Chief Sub-Editor, Decanter
Waterkloof, Circumstance Cape Coral Mourvedre Rose, Stellenbosch, South Africa 2009
After chopsticks, the natural partner for Chinese food is usually an aromatic white wine, if not a beer. So it was a real revelation to visit Hakkasan recently – London’s temple of Asian fine dining – where Werner Engelbrecht, winemaker of Waterkloof in Stellenbosch, and Hakkasan Group sommelier Christine Parkinson, were pairing his wines with the Michelin-starred dishes in a rather unconventional manner. Chenin Blanc was flexible with mushroom stir-fry, Singapore roast chicken and roasted silver cod, but who would have picked a hefty Shiraz with delicate sesame prawns? But the real star was this rosé, which was the perfect partner for a sweet yet earthy lamb dish – Mourvedre’s flavour profile highlighting the Chinese five spice and the sweetness of the red dates, and its acidity cutting through the tender meat, yet still delicate enough for the chestnut mooli. A real eye-opener for this self-confessed roséphobe.

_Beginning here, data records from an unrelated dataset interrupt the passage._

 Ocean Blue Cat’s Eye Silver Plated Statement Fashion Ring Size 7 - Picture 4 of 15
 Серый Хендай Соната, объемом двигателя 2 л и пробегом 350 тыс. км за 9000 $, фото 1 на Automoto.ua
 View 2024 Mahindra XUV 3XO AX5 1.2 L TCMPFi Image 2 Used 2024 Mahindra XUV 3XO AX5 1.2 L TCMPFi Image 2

Shaw + Smith Pinot Noir, Adelaide Hills, Australia 2008
I didn’t even know that Shaw + Smith made a Pinot Noir before this lunch to celebrate their 20th vintage. The first cousins Martin Shaw and Michael Hill-Smith MW are perhaps best known for their Sauvignon Blanc. The wines at this lunch also included three vintages of the Shiraz, a wine which proves the Adelaide Hills can produce lovely, textured, modern Shiraz with no green, unripe characters; and four vintages of the M3 Chardonnay, which has moved away from Californian and towards Dijon clones, with a increasing amount of wild ferment. ‘We’ve become more experimental and less rigid in our winemaking in recent years,’ said Hill-Smith. The second vintage of its Pinot Noir demonstrated this. Produced in near-perfect conditions, the 2008 is a ‘step up from the pretty wine we made in 2007,’ Hill-Smith commented. I agree – deliciously aromatic with layers of complexity and a weighty mouthfeel, it succeeds in combining the opulence of Central Otago with the structure of Burgundy.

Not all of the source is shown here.